一旦以可以从中检索见解的方式清理和存储数据,那么数据探索阶段就必不可少了。此阶段的目标是了解数据,这通常是通过统计技术以及绘制数据图来完成的。这是一个评估问题定义是否有意义或是否可行的良好阶段。
Once the data has been cleaned and stored in a way that insights can be retrieved from it, the data exploration phase is mandatory. The objective of this stage is to understand the data, this is normally done with statistical techniques and also plotting the data. This is a good stage to evaluate whether the problem definition makes sense or is feasible.
此阶段涉及对之前检索的已清理数据进行重新整形并使用统计预处理进行缺失值插补、异常值检测、规范化、特征提取和特征选择。
This stage involves reshaping the cleaned data retrieved previously and using statistical preprocessing for missing values imputation, outlier detection, normalization, feature extraction and feature selection.
前面的阶段应该为训练和测试(例如预测模型)生成了多个数据集。在这个阶段,需要尝试不同的模型并期待解决手头的业务问题。在实践中,通常希望该模型能够提供一些对业务的见解。最后,通过评估其在留出数据集上的性能,选择最佳模型或模型组合。

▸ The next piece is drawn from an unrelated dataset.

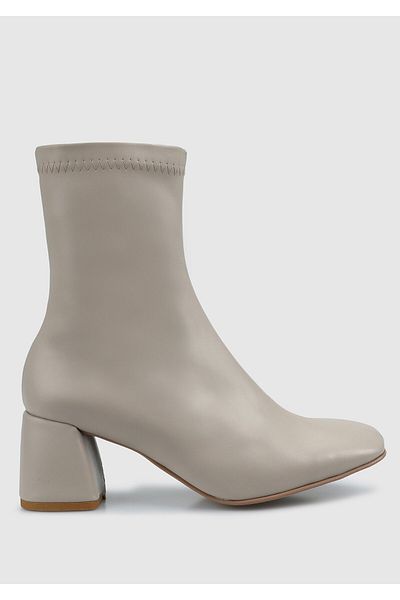 Provoq Ecru Women's Boots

The prior stage should have produced several datasets for training and testing, for example, a predictive model. This stage involves trying different models and looking forward to solving the business problem at hand. In practice, it is normally desired that the model would give some insight into the business. Finally, the best model or combination of models is selected evaluating its performance on a left-out dataset.

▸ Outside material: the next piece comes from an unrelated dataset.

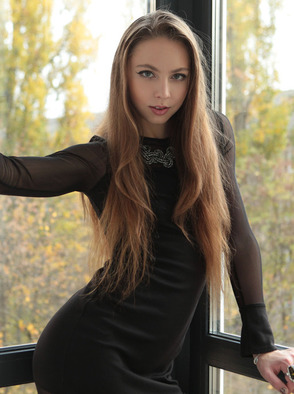 Valery Leche In Elegantly Sexy Black Dress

在这个阶段,已开发的数据产品实施在公司的管道中。这涉及在数据产品运行时设置一个验证方案,以跟踪其性能。例如,在实施预测模型的情况下,此阶段会涉及将模型应用于新数据,并且一旦有了响应,就会评估模型。
In this stage, the data product developed is implemented in the data pipeline of the company. This involves setting up a validation scheme while the data product is working, to track its performance. For example, in the case of implementing a predictive model, this stage would involve applying the model to new data and once the response is available, evaluate the model.